Alen Peacock wrote: Hi Alen -
Very cool project. Seems to align closely with Negroponte's "lilypond" vision (http://www.wired.com/wired/archive/10.10/wireless.html), as well as
Thanks. Yes it looks like Negroponte was there long before me. But I didn't find any sign of consumer wireless network devices taking in or sending out unencrypted packets since that article five years ago: all the work is in locking them up tighter so they can't interoperate.
http://pdos.csail.mit.edu/roofnet/doku.php?id=interesting . I found the lack of correlation between distance and ability to communicate somewhat surprising, and there's lots of interesting data from the real world regarding choosing routes and routing algorithms, some of which you may also find counterintuitive.

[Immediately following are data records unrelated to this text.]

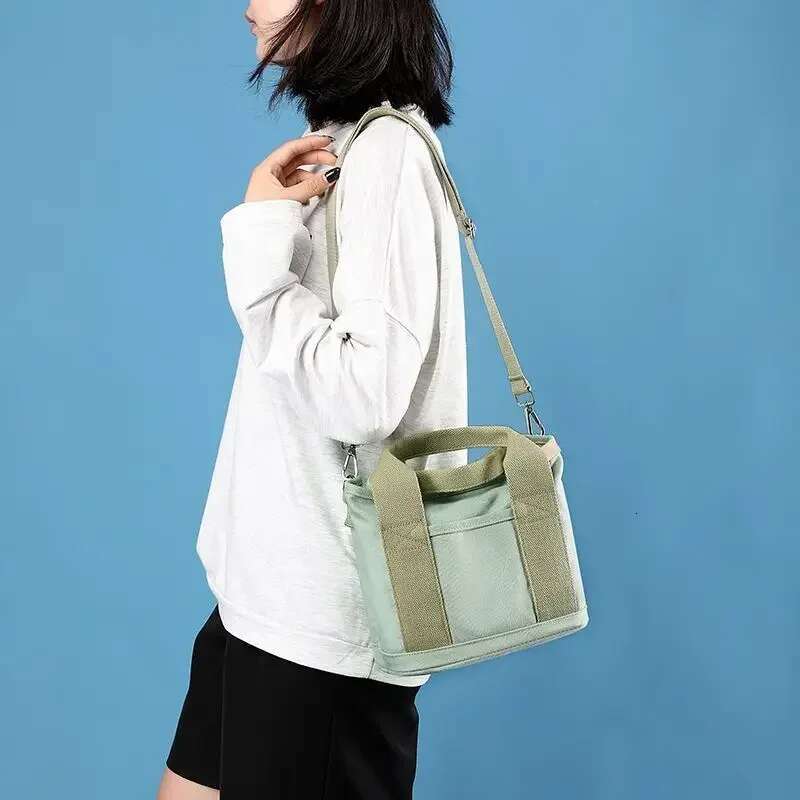 Designer Bag Small Bag With Zipper This Thousand Layer Bags Small Lady Single Shoulder Portable Thickened Canvas Mobile Bucket Tote Bag tote bag purse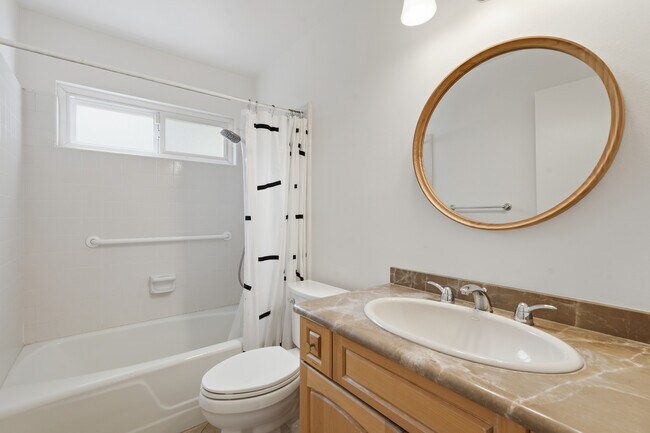 Building Photo - 28751 King Arthur Ct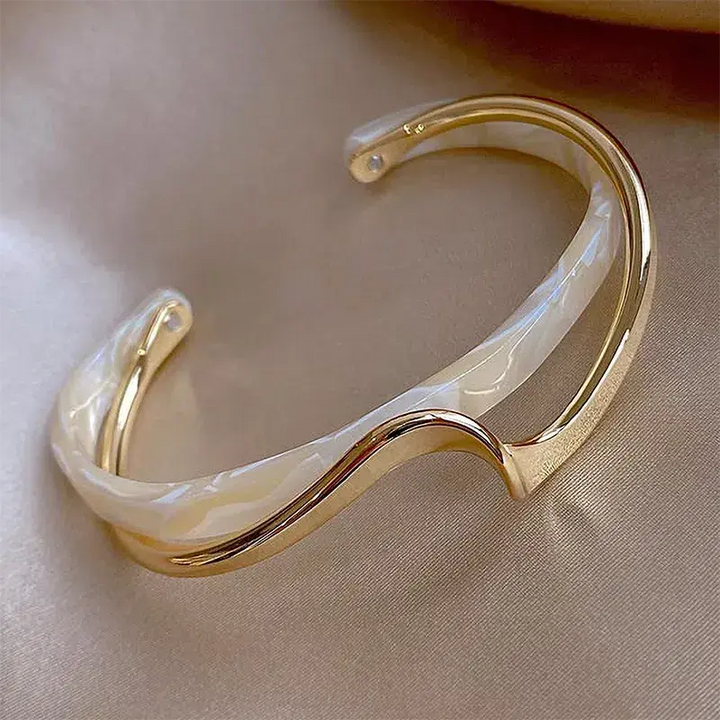 Braccialetto chic aperto in smalto bianco e oro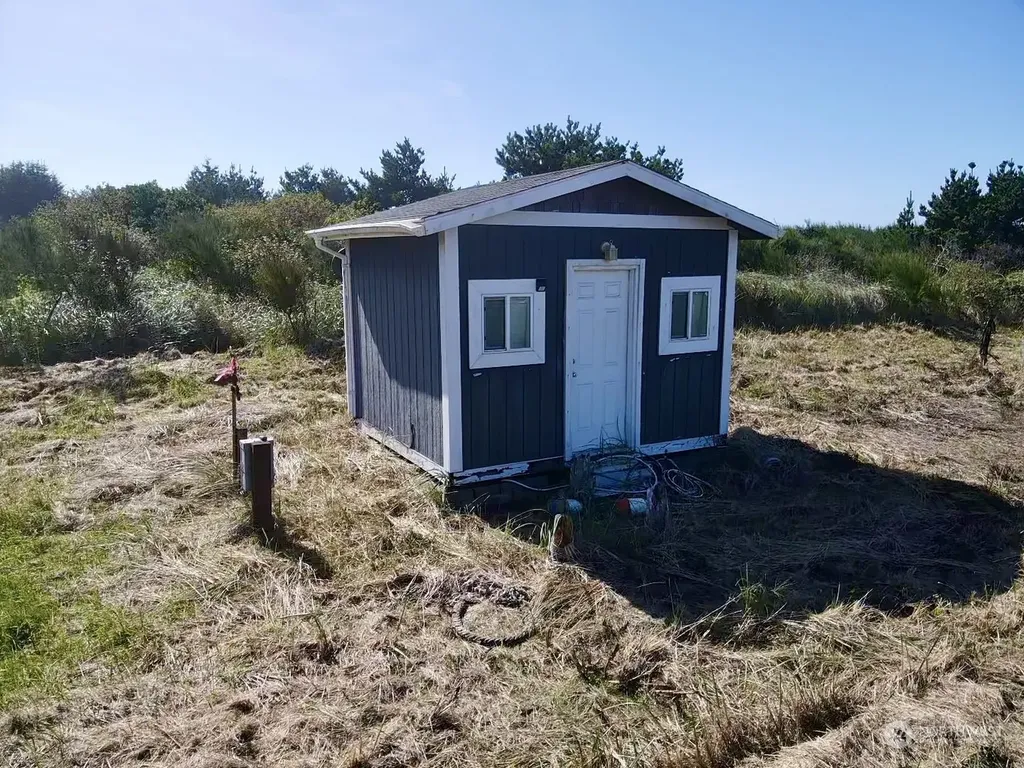 2081 State Route 105 Highway Grayland WA 98547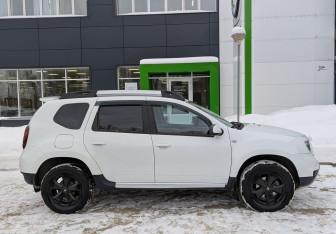 Подержанный автомобиль Renault Duster 2019 года (4 фото)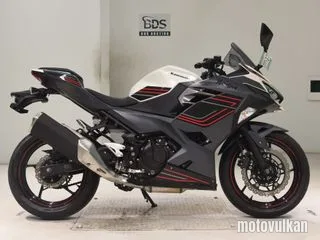Kawasaki NINJA400-2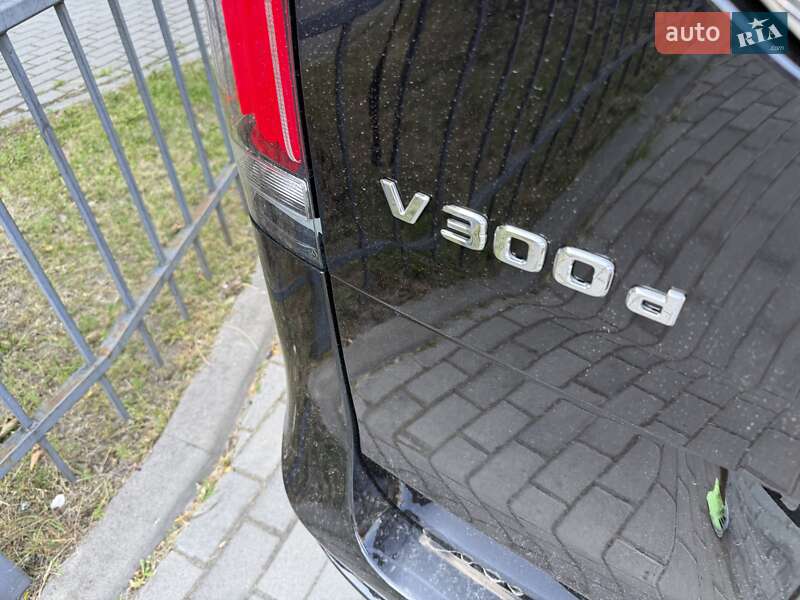 Минивэн Mercedes-Benz V-Class 2025 в Киеве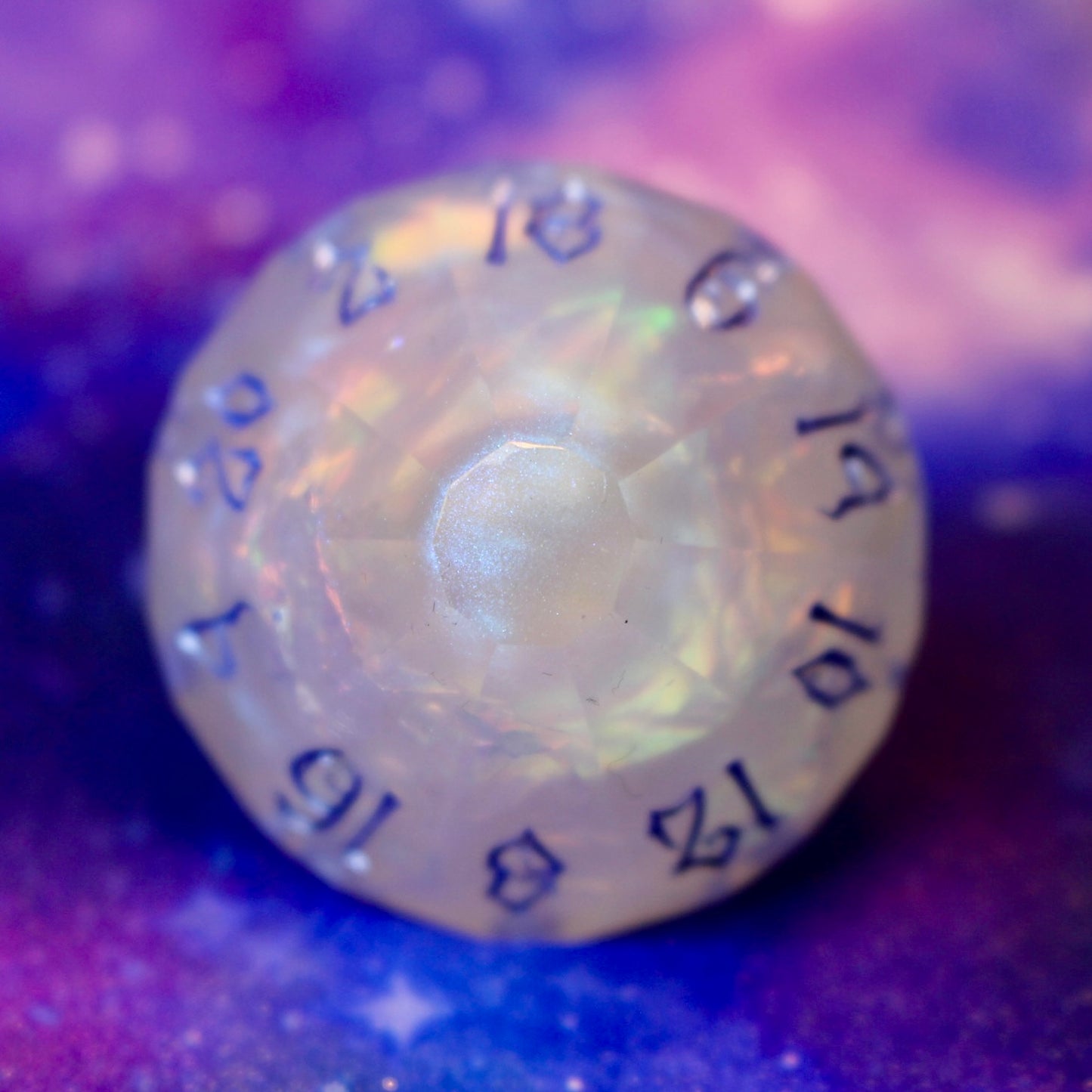 Opalescent Giant Coffin 50mm D20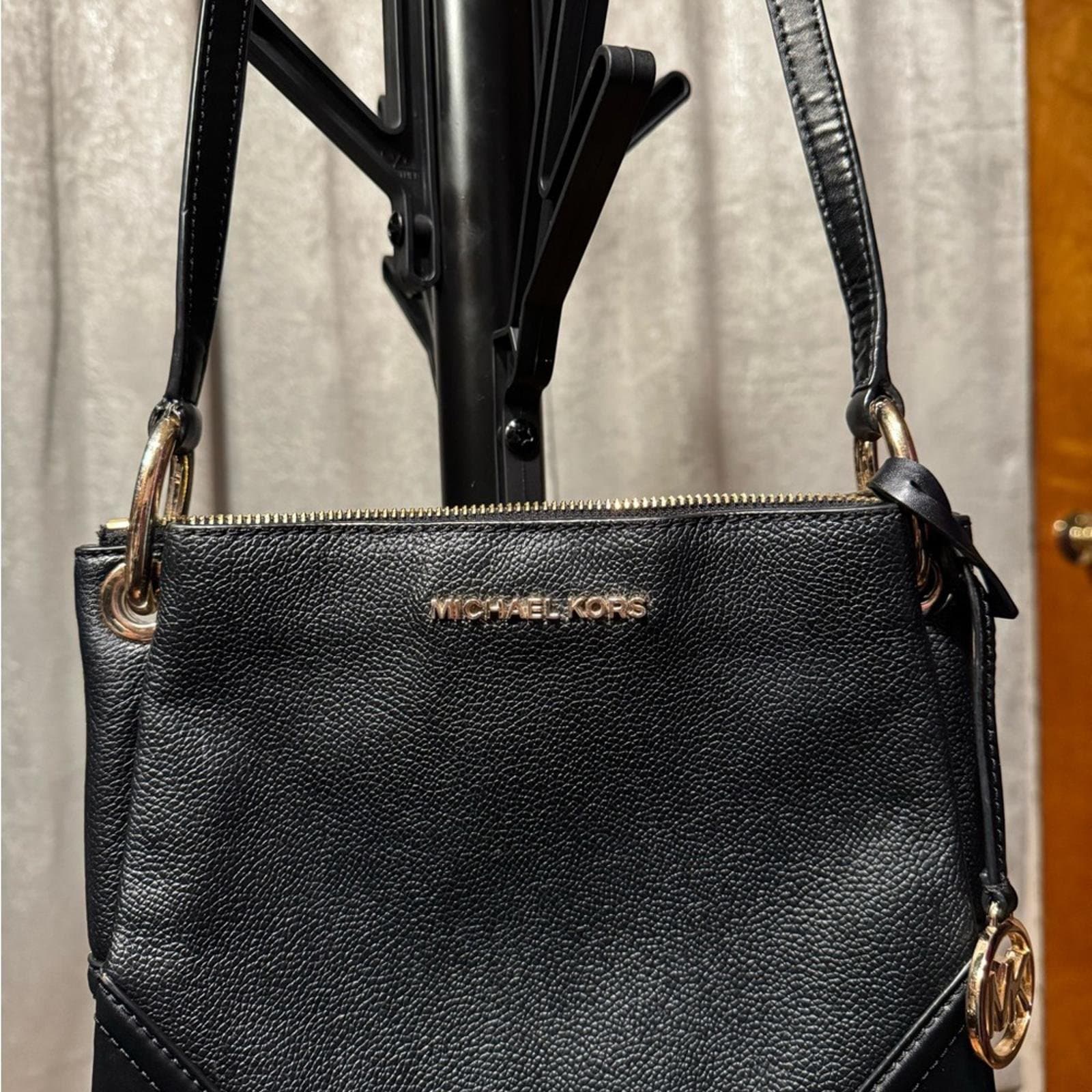 Michael Kors Nicole Triple Compartments Crossbody Bag - Thumbnail 2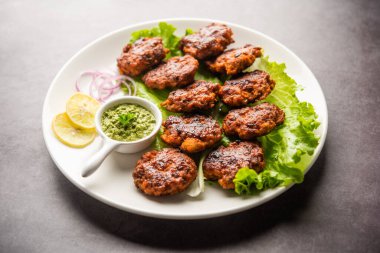 Tunde Ke Kebap (ayrıca Buffalo, tavuk veya et galouti kebabı olarak da bilinir) Hindistan 'da popüler olan kıymalı etten yapılan yumuşak bir yemektir.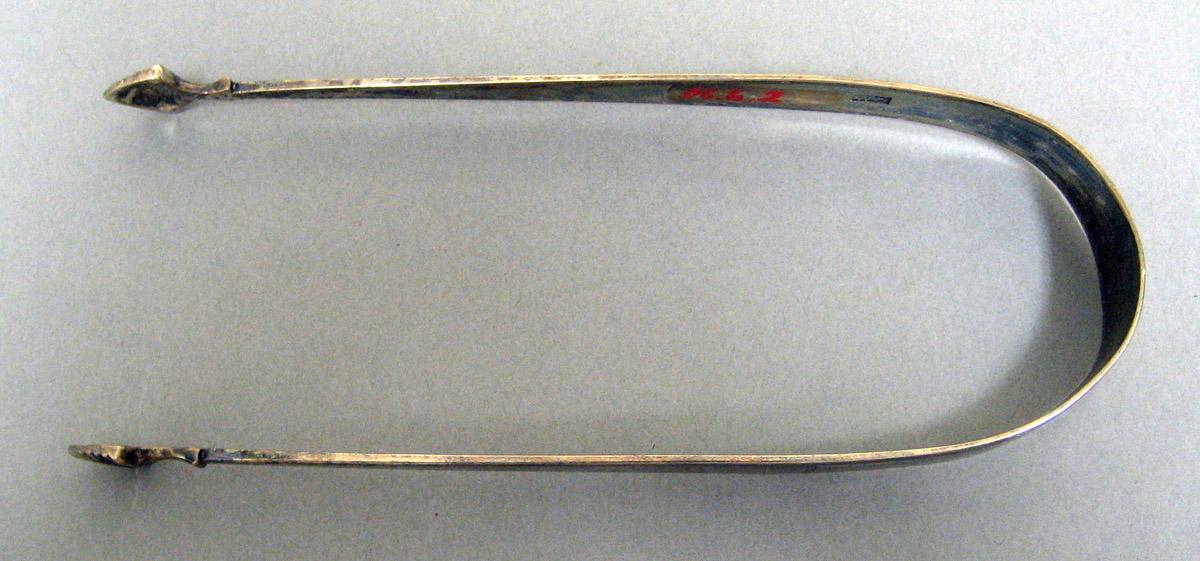 2006.0006.002 Silver Tongs view 1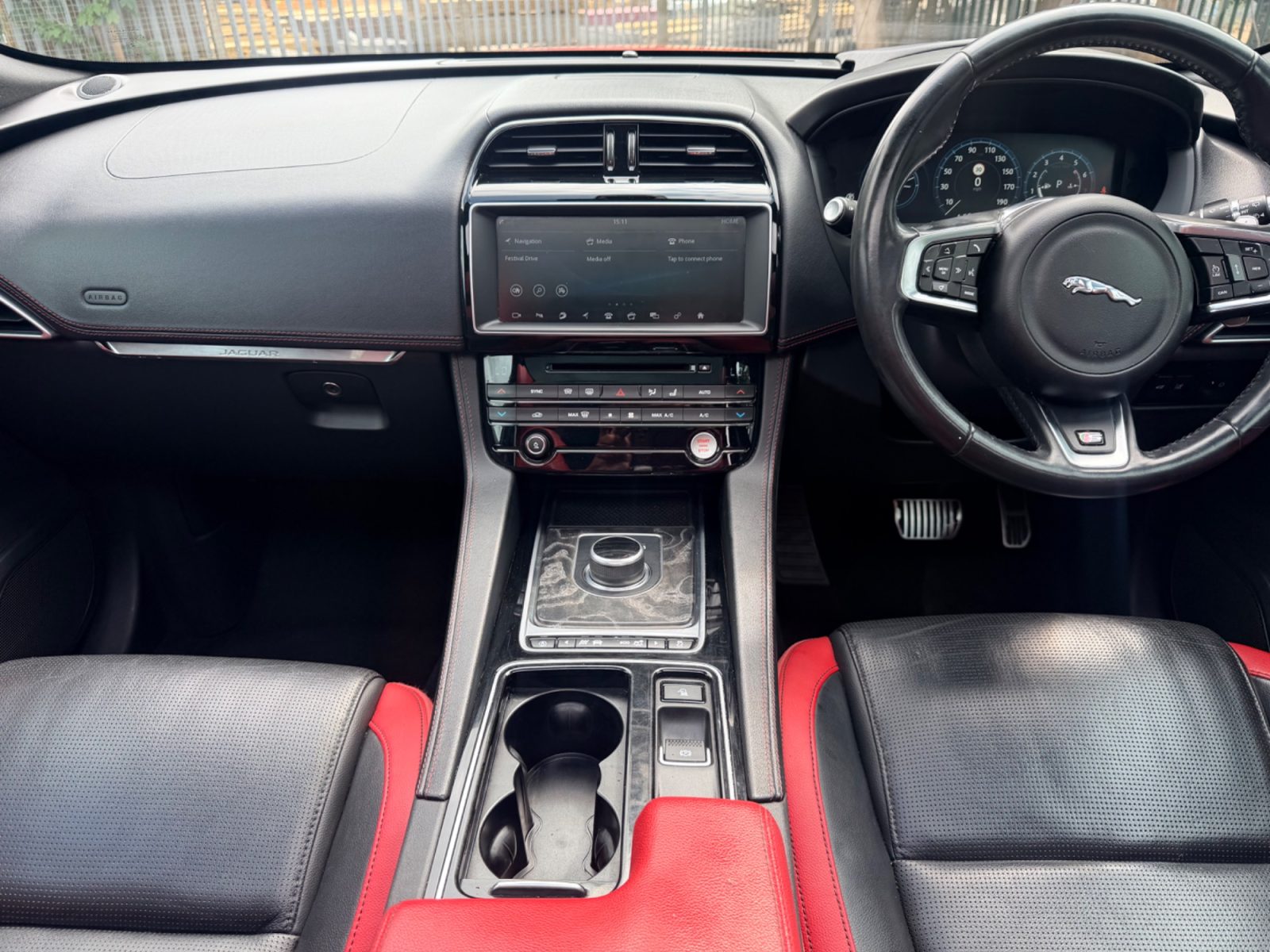 Jaguar F-PACE SUV 3.0 V6 S SUV  Petrol Auto AWD Euro 6 (s/s) (380 ps 2017 — photo 13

That was another interesting link too. I know from looking at monitor mode on the zd1211rw, which lets through packets that failed their CRC, that where I am at least packet corruption is a probability-based thing as well, even if I am not far from the AP.
Unfortunately with the identity-free packets, as far as I could understand it, there can be no routing, only a sort of destination-controlled magnetism such that the payload is guided towards where the requests are coming from. For example, the requests can have a TTL which the nodes randomly decide to decrement or not, the frequency of requests will increase as you get closer to the source of them.